Abstract Background: Acid Sphingomyelinase Deficiency (ASMD) is an ultra-rare autosomal recessive lysosomal storage disorder characterized by intracellular lipid accumulation because of the reduced function of acid sphingomyelinase. Olipudase alfa, an enzyme replacement therapy, was recently approved in several countries for the treatment of the non-neurologic manifestations of ASMD. Studies demonstrate improvement in organomegaly, pulmonary function and lipid profiles with olipudase alfa, yet little is known about its impact on quality of life (QoL) for patients and caregivers. The purpose of this study is to better understand the real-life impact of ASMD on patients and caregivers and assess how olipudase alfa impacts QoL for pediatric patients and their caregivers. Methods: Parents of pediatric patients (≤ 18 years of age) with a confirmed diagnosis of ASMD that received olipudase alfa for at least 12 months were recruited in early 2022 through national patient organizations to participate in a global online questionnaire followed by semi-structured interviews. Ten parents of patients with ASMD who utilized olipudase alfa as an experimental therapy for pediatric patients participated in the study. Quantitative analysis of the results was undertaken and interview transcripts were analyzed using an inductive thematic approach.
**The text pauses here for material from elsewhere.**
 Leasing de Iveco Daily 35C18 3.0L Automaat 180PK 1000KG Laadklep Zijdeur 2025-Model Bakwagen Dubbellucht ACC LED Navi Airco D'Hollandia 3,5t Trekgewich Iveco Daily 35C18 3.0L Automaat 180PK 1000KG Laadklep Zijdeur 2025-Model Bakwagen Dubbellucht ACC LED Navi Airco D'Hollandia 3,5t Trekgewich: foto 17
Results: Five themes emerged from analysis: (1) ASMD is a systemic disease with a wide array of manifestations that significantly impact QoL. (2) Olipudase alfa was associated with improvements in all non-neurologic manifestations of ASMD. (3) Participants perceived the risk associated with olipudase alfa to be low and the benefits to greatly outweigh any risk or burden. (4) Participants reported an unmet need to treat the neurologic manifestations of the disease despite the benefits of olipudase alfa in the management of non-neurological symptoms. (5) Participants felt all patients with ASMD need access to olipudase alfa based on the life-changing experience they perceived. Conclusions: These findings highlight the sustained positive impact olipudase alfa had in many domains that are deemed important to patients and families living with ASMD and outline the significant unmet need for patients and families living with ASMD.